As generally illustrated in the Figure, the system 10 may include one or more print heads—e.g., PH1, PH2, and PH3—in fluid communication with the first reservoir RES.1 of second tank T2 and the third reservoir RES.3 of tank T3. In an embodiment, the print head or heads used in connection with the system can comprise various types of flow-through print heads. Further, with some embodiments, the print head/system may comprise a digital drop-on-demand ink jet or ink jet system. However, the invention is not limited to a specific type of print head, and various other types and forms of print heads may be used.

Without limitation, in the illustrated embodiment, conduits or passageways 40, 60, and 80, flow from the first reservoir RES.1 into print heads PH1, PH2, and PH3, respectively. Similarly, in the illustrated embodiment, conduits or passageways 50, 70, 90, flow from print heads PH1, PH2, and PH3 to the third reservoir RES.3. In an embodiment of the system 10, one or more of the conduits or passageways associated with the one or more print heads may include a flow restrictor. In some embodiments, such flow restrictors may comprise various forms of restriction devices or apparatus used to provide fluid restrictions for tubes or passageways. By way of example, as generally illustrated, each of the conduits or passageways leading into the print heads (e.g., 40, 60, 80) and each of the conduits or passageways leaving the print heads (e.g., 50, 70, 90) may include a flow restrictor—see, e.g., flow restrictors designated FR-2 and FR-1 (PH1), FR-4 and FR-3 (PH2), and FR-5 and FR-4 (PH3). Further, in an embodiment, a flow restrictor FR-8 may be included and used to balance/control flow between the second tank T2 and the third tank T3, and a flow restrictor FR-9 may be included and used to balance/control flow between the third tank T3 and the first tank T1 (e.g., example along illustrated conduit or passageway 100). However, it is noted that in other embodiments, the conduits or passageways themselves may be, i.e., serve or function, as the flow restrictor. That is, rather than requiring the inclusion of a separate device or apparatus, one or more of the conduits or passageways may be configured (e.g., may have a given internal diameter) so that, in the context of the system and the associated fill/pressure regulation, the conduit or passageway itself is, or serves, as a flow restrictor. For example, as generally shown in FIG. 1, where conduit or passageway 32 is illustrated in connection with flow restrictor FR-8, for some embodiments, rather than FR-8 signifying the inclusion of a separate or additional device to provide flow restriction, the configuration of the conduit or passageway itself (e.g., 32) may also be or serve as the flow restrictor (e.g., FR-8).

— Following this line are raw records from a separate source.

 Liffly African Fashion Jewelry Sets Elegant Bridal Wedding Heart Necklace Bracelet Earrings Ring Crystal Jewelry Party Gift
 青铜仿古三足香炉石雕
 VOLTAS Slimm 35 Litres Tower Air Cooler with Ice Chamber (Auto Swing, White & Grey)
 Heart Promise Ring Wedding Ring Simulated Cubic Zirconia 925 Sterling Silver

In an embodiment of the system 10, regulators VR-3 and VR-2, which may be vacuum regulators associated with the second and third tanks T2, T3, respectively, can be maintained at specific or controlled values to cause or impart a pressure differential across the print heads. The pressure differential can be used to control the flow of ink through the respective print heads. Moreover, the flow rate of ink through an individual print head can be, at least in part, controlled by the associated flow restrictors. The flow restrictors along with the pressure differential set/control the flow volume of ink as well as the required meniscus pressures associated with the print head-and-ink combination.

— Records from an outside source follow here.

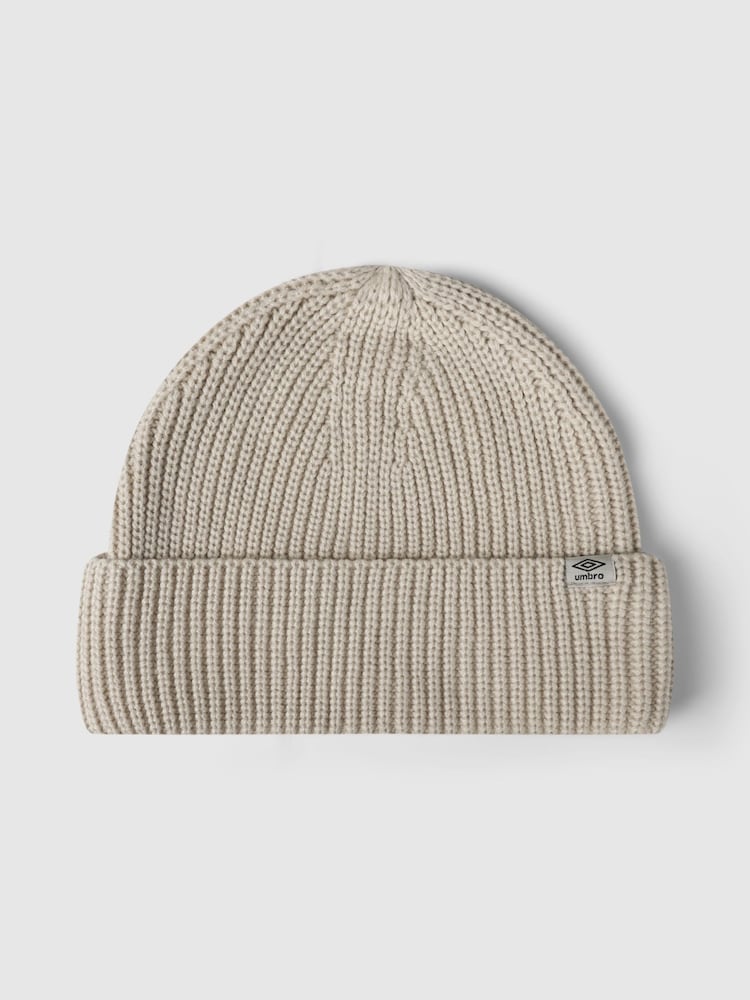 Umbro Cream Big Cuff Rib Beanie - Image 2 of 3 Umbro Cream Big Cuff Rib Beanie - Image 2 of 3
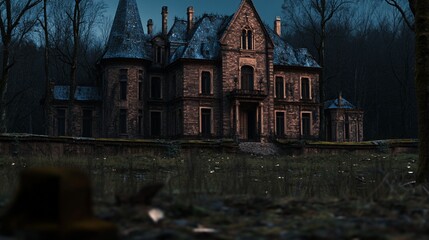 Obraz premium Creepy stone mansion, twilight forest, abandoned, mystery, game background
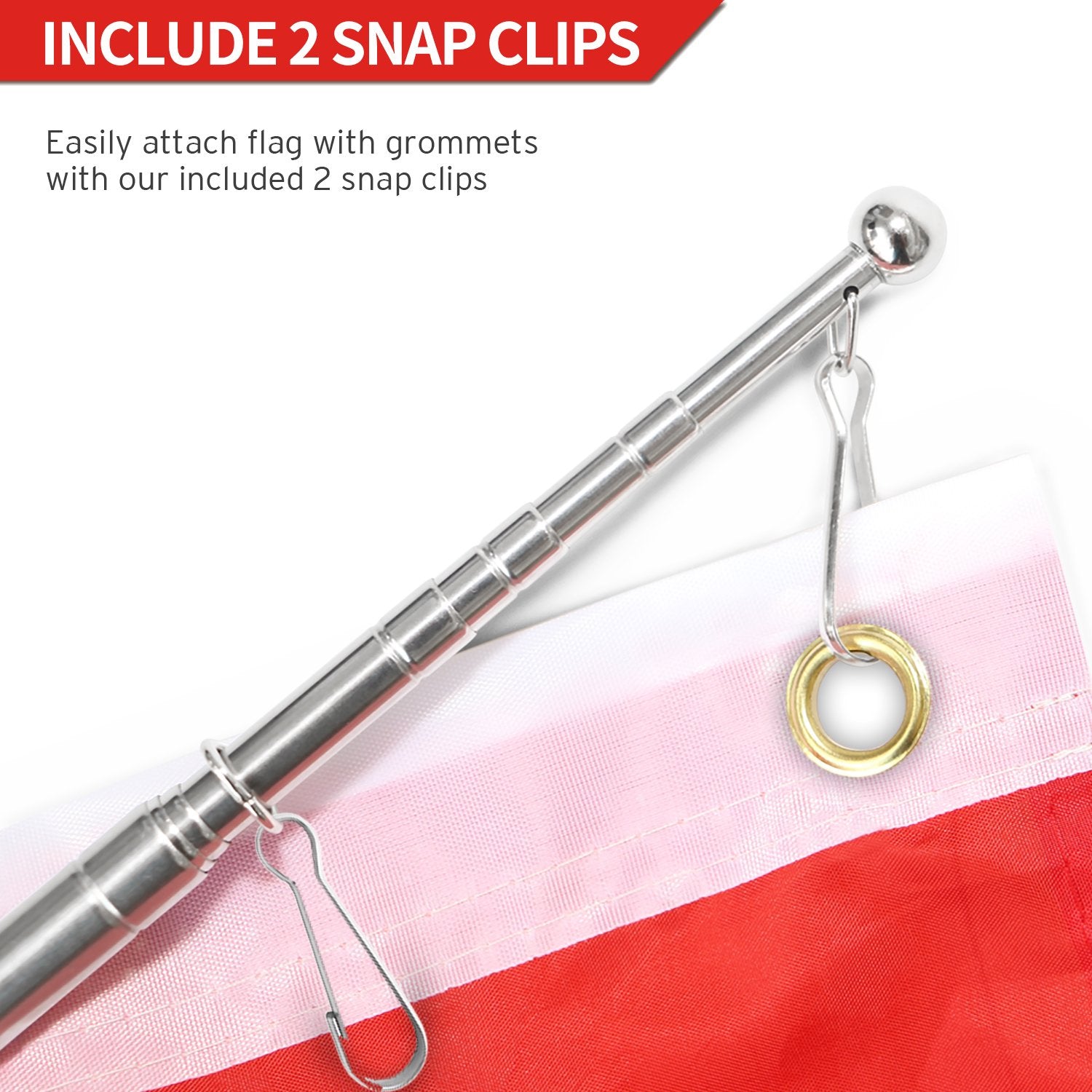 Anley anti-slip grip flagpole in hand, ideal for secure handling.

A system 10 according to embodiments of the invention can be configured to permit the print heads to be at any orientation relative to gravity. That is, given the flow provisions associated with the system 10, which are not dependent upon gravity feed and height differentials between tanks and print heads, the system 10 can provide one or more print heads that are configured to print at various (non-vertical/downward) angles with respect to an intended target object. As previously disclosed, such flow provisions associated with the system and the print heads can include, for example, pressure/vacuum regulating devices, engineered flow restrictions, and the provision of a closed loop in system that is not open to atmosphere while in operation. Moreover, systems that are configured in accordance with the teachings of the present invention can, as the print heads are oriented, regulate and control associated pressure to maintain a constant meniscus pressure at the print heads.

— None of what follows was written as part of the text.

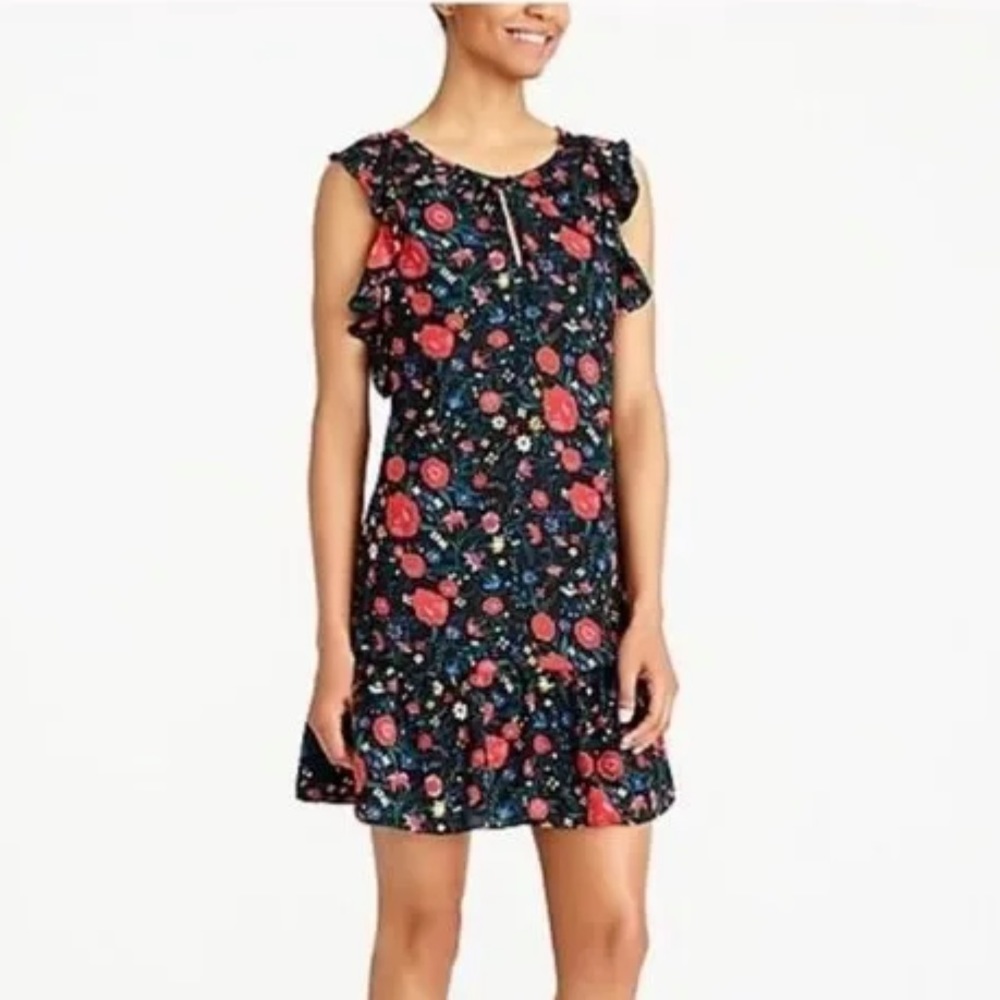 Women’s J. Crew Black Floral Printed Flutter Dress, Size XS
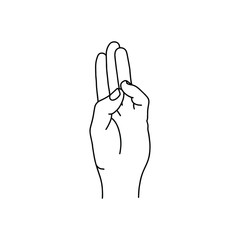 Mudra - Buddhi. Hands vector illustration. Yogic hand gesture. Black and white linear style.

FIG. 2 generally illustrates an ink delivery system 10′ in accordance with another embodiment of the invention. For ease of reference, similar element numbers and designations are used to identify similar components to those discussed in connection with FIG. 1. The system 10′ illustrated in FIG. 2 is similar to that shown in FIG. 1; however, certain valves have been replaced by pumps. For example, valves V1, V2, and V3 (illustrated in FIG. 1) have been replaced with pumps P4, P2, and P3, respectively. With this embodiment of the system 10′, the flow restrictors maintain various pressure within the tanks and the plurality of pumps serve, at least in part, to maintain level control.

For instance, with respect to the illustrated embodiment of the system 10′, pump P1—which supplies ink from tank T1—may be run at a substantially constant rate. The rate may be faster than the rate that the associated print heads draw ink. Pump P2—which supplies ink from tank T2 (RES.2) to tank T3 (RES.3)—may be run at a lower pump speed/flow than pump P1. Ink then may be drawn from T2 at a slower rate than ink is delivered to T1. Consequently, the level in tank T2 rises. If pump P2 is run at a speed/flow that is faster than pump P1, then the level of ink within tank T2 will decrease. When pump P2 is again slowed down, ink will again fill tank T2. Consequently, the ink levels associated with tank T2 may be controlled by changing the rate/flow associated with the running of pump P2. In a similar manner the level associated with Tank T3 may be controlled, at least in part, by controlling the running of pump P3. With such a system configuration, the various pumps may be run to maintain desired ink levels in the associated tanks. The use of pumps can provide smooth rate/flow transitions, as the pumps may be constantly moving and their relative rates/flows may be controlled to provide desire fill levels fairly dynamically. As such the system may be controlled by speed/flow changes associated with the pumps rather than requiring the opening/closing of components in the flow path.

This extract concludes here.